32. The respondent on their part did contend that the applicant was given a fair hearing, he had an opportunity to file his replying affidavit and upon hearing of the bond cancellation request, the same was allowed and the applicants bond was cancelled. The applicant exercised his constitutional right to apply for review in the high court, which reinstated the applicants bond terms.
33. In determining this issue, I need not go into the question of whether the trial magistrate is or was actually biased. All the court can do is to fairly examine the facts which are alleged to show bias or likely bias and from those facts draw an inference, as any reasonable and fair-minded person would do, that the judge is biased or is likely to be biased. See Porter v Magill [2002] 1 All ER
34. The trial magistrate cannot be faulted in making her ruling as she did vide her ruling of 24th February 2022. The applicant was dissatisfied and correctly applied for review of the said ruling before the honourable judge and his application was allowed and his bond terms reinstated. The only question looking at the proceedings from the view of a fair-minded person sitting in court and knowing all the facts was there or could there have been real biased or perceived bias by the trial magistrate various considerations made, during the said proceedings to cancel bond and the subsequent ruling where the said bond was cancelled.
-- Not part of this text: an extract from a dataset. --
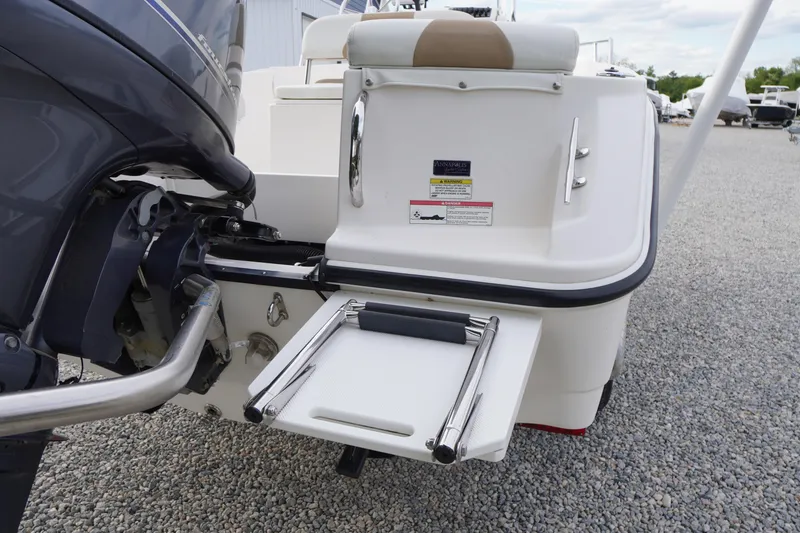 Slide: The Image of 2015 Edgewater 170CC boat with motor and swim platform on gravel surface. - 18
35. The trial magistrate in her considered ruling did not delve deeply into this aspect, which was the most critical prism with which she should have considered her ruling. It was her holding that“on the 2nd ground, cancellation of the bond and its reinstatement is not a ground on which a reasonable man can infer bias. I have considered the case of Charles Alwando Opondo v Republic (1978) eKLR and it was held that bond during trial is a matter of the courts discretion and it cannot be used as a basis to infer bias unless the circumstances points towards bias.”
36. While the finding of the trial magistrate might be legally correct, that she cannot be accused of being biased for making a ruling, she erred by failing to look at the entire bail proceedings from the view of a fair-minded person sitting in court and knowing all the facts. She failed to evaluate the entire proceedings from a neutral third-party position, before coming to her conclusion.
37. The prosecution did inform court that, based on the affidavit of one PC Nancy Wambui Gateri that the applicant intended to jump bail and was interfering with witnesses. The alleged affidavit dated 19th January 2022 was not filed in the trial suit. The court allowed the applicant advocate to respond, heard arguments and thereafter made a ruling to cancel the applicants bond. The simple question, which arises, is that by relaying on an affidavit which was not filed in the proceeding’s, and which made unsupported allegations did the trial magistrate err and could she be perceived as being biased by fair minded person sitting in court and knowing all the facts?
38. In testing as to whether an issue at hand is worthy of recusal, the learned judge Ibrahim JSC, in the case of Jasbir Singh Rai & 3 others v Tarlochan Singh Rai 7 4 others had this to say;“The test by Lord Edmund Davis in Metropolitan Properties (FGC) Ltd v Lannon & Others [1969] 1 QB 577“Disqualification was imperative even in the absence of a real likelihood of bias if a reasonable man would reasonably suspect bias. Acker L.J in R v Liverpool city justices, ex parte Topping [1983] 1 WLR 119 elaborated on the test applicable."The court has to address its mind to the question as to whether reasonable and fair-minded man sitting in court and knowing all the relevant facts would have a reasonable suspicion that a fair trial for the applicant was not possible. If the answer is in the affirmative disqualification was inevitable.”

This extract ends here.